The third and fourth factors also weigh in favor of granting injunctive relief. An injunction would serve the public interest, which “is served by preventing the violation of constitutional rights.” Atwell, 2023 WL 3440247 at *5 (quoting Chabad of S. Ohio & Congregation Lubavitch v. City of Cincinnati, 363 F.3d 427, 436 (6th Cir. 2004)). And “[b]ased on the fact that [d]efendant[s] and the State of Tennessee do[] not oppose the entry of the preliminary injunction, the [c]ourt has no basis to find that an injunction would cause substantial harm to others.” See Rausch, 2023 WL 3938878, at *3.
Because all factors favor entering Plaintiff's proposed (and unopposed) injunction, this Court GRANTS the motion and ISSUES the following preliminary injunction ("Preliminary Injunction"):
The Defendants and their officers, directors, agents, representatives, attorneys, employees, subsidiaries, and affiliates, and those persons in active concert or participation with them, are:
1. PROHIBITED from enforcing Tennessee's Sexual Offender and Violent Sex Offender Registration, Verification, and Monitoring Act of 2004, Tenn. Code Ann. §§ 40-39-201 to 218, against Wooden;
2. PROHIBITED from requiring Wooden to comply with any portion of the SORA;
3. PROHIBITED from publishing Wooden's information on the sex offender registry;
4. ORDERED to provide notice of this Preliminary Injunction to the Defendants' officers, directors, agents, representatives, attorneys, employees, subsidiaries, and affiliates, and those persons in active concert or participation with them (the “Third Parties”); and
5. ORDERED to take whatever means are necessary or appropriate to ensure proper compliance by the Third Parties with this Preliminary Injunction.

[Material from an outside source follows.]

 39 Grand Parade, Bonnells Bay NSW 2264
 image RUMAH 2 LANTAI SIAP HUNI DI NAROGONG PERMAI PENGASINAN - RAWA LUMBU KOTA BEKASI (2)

This Preliminary Injunction SHALL remain in effect until a final order or judgment is entered in this case unless dissolved sooner by order of this Court.
III. CONCLUSION
For the reasons explained above, A. This case is STAYED and ADMINISTRATIVELY CLOSED, and all deadlines are VACATED pending resolution of the Sixth Circuit's ruling in Does #1-9 v. Lee, Case No. 23-5248 (6th Cir.).
B. Within TEN DAYS of the date of the Sixth Circuit's decision in Lee, Plaintiff SHALL NOTIFY the Court in writing and SHALL MOVE to re-open this case and to enter an initial case management order.
C. Within TWENTY-ONE DAYS of the Sixth Circuit's decision in Lee, Wooden and each of the Defendants in this action SHALL FILE a report that sets forth that party's respective positions regarding the impact of the Sixth Circuit's ruling in Lee on this matter.
D. The Clerk is DIRECTED to administratively close this case.